BEGIN GIVEN INFORMATION

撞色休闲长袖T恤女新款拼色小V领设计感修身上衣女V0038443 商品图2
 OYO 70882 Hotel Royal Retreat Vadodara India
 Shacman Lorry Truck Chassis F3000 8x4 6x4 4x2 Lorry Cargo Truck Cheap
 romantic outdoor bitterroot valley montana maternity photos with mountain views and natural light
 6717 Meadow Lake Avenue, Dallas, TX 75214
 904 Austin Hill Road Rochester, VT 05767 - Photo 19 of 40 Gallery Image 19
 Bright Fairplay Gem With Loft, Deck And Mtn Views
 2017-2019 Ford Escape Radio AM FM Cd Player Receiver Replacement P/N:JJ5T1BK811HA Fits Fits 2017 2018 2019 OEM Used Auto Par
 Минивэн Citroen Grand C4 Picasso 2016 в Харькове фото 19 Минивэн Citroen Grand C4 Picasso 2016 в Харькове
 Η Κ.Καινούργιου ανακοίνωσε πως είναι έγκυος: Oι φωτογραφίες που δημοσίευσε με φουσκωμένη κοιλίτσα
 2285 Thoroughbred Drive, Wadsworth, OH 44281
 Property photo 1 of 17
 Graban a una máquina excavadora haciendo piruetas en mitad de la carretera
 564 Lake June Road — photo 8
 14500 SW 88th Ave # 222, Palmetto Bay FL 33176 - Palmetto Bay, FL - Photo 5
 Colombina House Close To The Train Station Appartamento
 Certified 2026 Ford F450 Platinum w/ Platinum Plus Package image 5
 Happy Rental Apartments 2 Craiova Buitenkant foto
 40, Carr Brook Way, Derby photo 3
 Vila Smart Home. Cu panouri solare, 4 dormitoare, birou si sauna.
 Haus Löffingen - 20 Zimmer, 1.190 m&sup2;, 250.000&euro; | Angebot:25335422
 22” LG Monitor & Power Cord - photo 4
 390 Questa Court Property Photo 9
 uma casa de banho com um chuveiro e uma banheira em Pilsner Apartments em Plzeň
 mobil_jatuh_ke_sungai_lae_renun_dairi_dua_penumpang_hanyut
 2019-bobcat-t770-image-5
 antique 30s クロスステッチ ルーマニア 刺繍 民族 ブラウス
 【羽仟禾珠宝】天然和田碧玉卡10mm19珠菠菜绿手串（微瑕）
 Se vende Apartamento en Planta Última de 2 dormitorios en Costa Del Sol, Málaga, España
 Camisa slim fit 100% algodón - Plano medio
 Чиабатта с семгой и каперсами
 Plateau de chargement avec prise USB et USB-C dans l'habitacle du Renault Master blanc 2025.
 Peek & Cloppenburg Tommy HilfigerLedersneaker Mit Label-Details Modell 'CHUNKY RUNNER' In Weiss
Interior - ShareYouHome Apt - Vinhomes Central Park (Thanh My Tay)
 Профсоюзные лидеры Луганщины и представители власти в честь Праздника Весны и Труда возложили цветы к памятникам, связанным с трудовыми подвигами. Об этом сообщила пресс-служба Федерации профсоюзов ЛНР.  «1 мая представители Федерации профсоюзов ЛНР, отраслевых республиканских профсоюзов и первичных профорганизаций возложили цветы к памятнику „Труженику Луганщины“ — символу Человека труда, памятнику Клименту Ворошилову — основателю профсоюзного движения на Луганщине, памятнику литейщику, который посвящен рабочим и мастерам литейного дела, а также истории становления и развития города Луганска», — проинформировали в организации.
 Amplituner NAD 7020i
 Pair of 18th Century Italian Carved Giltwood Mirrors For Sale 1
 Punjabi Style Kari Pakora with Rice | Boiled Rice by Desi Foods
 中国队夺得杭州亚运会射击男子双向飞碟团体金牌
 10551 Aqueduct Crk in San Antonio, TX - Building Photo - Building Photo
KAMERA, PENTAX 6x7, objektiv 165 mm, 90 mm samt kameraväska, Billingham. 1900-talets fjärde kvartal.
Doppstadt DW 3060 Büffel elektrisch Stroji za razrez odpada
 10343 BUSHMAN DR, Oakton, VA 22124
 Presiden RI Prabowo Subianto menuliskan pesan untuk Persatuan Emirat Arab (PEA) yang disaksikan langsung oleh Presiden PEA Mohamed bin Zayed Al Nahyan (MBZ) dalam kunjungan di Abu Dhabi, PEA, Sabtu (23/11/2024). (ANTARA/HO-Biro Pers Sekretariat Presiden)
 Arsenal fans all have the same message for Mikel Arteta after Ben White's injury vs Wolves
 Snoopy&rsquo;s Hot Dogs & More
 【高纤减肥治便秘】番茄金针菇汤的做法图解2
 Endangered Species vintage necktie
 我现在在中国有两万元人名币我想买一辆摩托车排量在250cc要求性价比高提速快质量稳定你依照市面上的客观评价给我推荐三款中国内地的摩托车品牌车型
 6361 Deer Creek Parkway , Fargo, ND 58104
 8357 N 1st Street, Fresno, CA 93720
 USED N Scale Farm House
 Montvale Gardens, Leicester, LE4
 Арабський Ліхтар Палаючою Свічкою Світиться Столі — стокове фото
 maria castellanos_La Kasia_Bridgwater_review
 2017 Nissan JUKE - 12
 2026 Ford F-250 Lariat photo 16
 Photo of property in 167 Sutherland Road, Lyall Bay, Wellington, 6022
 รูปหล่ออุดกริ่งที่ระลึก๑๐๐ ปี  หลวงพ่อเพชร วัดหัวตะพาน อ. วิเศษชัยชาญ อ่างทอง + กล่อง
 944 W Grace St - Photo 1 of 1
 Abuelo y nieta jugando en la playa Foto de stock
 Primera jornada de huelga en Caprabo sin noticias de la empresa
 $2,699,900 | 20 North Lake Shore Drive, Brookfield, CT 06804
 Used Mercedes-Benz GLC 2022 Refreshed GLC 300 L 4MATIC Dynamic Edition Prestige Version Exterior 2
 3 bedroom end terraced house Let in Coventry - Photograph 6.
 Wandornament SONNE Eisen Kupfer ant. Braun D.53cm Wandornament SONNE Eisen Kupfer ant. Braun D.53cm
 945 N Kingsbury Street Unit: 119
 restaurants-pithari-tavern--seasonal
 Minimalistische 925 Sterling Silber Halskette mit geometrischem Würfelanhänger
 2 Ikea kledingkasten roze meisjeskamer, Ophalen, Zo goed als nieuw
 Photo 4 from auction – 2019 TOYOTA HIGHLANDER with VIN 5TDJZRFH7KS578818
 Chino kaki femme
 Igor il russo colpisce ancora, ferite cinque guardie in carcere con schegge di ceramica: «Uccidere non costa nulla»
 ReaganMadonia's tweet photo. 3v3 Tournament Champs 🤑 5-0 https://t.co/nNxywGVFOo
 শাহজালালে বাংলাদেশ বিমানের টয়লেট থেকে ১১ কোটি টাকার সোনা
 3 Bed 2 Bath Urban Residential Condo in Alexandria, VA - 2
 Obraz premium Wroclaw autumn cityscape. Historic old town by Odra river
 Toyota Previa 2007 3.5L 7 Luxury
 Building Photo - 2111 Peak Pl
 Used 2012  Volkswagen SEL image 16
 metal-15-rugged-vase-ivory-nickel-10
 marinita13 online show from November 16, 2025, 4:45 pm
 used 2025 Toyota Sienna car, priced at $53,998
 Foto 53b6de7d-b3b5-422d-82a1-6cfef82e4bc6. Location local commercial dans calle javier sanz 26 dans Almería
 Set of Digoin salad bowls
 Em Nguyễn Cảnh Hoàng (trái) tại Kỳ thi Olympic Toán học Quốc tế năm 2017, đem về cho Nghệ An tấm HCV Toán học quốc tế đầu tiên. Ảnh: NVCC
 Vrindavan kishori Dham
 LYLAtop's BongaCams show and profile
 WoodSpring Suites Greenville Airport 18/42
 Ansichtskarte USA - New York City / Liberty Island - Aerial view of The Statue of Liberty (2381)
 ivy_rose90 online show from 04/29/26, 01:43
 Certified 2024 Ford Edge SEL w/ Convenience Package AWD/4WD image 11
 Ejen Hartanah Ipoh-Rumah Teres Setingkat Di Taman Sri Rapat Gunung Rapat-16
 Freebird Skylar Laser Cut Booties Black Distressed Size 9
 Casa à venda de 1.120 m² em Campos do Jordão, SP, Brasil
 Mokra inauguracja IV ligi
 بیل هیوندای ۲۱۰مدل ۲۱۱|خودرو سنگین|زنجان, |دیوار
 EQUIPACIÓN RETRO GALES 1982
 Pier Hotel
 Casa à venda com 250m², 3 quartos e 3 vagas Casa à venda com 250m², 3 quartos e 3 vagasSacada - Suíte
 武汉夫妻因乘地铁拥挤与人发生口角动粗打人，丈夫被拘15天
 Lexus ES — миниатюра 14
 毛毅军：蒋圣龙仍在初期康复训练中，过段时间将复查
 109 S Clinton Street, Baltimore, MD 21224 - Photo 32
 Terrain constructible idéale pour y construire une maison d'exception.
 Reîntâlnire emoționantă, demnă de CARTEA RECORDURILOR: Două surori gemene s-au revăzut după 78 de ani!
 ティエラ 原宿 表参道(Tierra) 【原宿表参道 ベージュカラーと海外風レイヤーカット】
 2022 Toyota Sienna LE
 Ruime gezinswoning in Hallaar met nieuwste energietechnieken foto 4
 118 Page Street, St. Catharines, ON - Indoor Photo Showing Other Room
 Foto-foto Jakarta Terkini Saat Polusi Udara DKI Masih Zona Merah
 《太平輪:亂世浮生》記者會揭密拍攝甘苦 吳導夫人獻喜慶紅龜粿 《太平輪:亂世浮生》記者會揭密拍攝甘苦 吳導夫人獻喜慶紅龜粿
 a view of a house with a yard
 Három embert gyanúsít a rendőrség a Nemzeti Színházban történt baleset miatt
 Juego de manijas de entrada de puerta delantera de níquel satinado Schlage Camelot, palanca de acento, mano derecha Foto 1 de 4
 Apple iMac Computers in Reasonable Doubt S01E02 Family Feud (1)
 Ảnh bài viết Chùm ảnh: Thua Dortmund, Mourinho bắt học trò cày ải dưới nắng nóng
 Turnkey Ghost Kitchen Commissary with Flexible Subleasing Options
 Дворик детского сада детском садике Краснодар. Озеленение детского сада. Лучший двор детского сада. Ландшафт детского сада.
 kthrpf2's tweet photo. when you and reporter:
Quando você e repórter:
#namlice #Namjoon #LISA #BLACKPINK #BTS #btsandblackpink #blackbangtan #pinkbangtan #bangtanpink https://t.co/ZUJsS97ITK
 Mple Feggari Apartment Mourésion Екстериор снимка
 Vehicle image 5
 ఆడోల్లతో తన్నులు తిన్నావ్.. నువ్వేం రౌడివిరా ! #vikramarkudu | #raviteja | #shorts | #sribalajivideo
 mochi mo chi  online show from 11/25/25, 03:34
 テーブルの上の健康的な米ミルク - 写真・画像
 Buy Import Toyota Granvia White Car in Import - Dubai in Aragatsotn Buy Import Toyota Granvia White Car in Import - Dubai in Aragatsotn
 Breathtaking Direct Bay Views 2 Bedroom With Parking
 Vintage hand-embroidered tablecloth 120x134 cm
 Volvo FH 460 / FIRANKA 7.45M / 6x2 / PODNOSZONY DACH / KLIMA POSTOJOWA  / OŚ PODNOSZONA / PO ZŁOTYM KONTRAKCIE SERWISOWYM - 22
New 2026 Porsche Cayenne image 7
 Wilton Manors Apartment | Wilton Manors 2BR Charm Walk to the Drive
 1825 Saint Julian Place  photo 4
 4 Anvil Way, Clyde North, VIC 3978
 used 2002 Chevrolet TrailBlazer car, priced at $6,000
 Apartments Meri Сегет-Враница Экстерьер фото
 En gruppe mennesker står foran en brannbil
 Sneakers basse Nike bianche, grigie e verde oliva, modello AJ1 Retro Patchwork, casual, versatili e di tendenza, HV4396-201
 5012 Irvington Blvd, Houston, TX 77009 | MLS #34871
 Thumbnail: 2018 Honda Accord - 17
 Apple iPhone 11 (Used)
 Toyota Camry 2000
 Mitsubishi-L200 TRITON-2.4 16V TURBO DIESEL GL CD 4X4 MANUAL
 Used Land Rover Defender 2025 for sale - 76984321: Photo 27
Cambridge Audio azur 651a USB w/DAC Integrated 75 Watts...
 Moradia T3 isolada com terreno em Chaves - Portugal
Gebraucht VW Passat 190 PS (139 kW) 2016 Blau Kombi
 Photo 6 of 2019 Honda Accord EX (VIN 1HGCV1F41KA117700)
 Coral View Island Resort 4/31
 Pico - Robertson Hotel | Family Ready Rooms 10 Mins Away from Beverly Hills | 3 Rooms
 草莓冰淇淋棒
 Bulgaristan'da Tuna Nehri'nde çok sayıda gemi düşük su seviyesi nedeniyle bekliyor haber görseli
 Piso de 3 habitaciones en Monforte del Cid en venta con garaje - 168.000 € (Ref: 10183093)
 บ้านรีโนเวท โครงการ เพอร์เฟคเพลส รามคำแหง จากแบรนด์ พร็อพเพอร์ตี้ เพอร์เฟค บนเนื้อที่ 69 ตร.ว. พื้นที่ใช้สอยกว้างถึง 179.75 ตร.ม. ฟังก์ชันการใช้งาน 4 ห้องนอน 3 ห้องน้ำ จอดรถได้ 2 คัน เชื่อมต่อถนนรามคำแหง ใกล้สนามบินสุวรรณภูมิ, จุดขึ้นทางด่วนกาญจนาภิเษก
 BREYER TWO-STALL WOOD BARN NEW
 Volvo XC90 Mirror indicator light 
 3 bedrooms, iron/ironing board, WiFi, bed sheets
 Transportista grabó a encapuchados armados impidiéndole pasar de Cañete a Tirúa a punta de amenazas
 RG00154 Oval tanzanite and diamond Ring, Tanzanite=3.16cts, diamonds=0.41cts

END GIVEN INFORMATION

Working through the records above, establish how many lines contain the string "priced", and reply with the number by itself.

2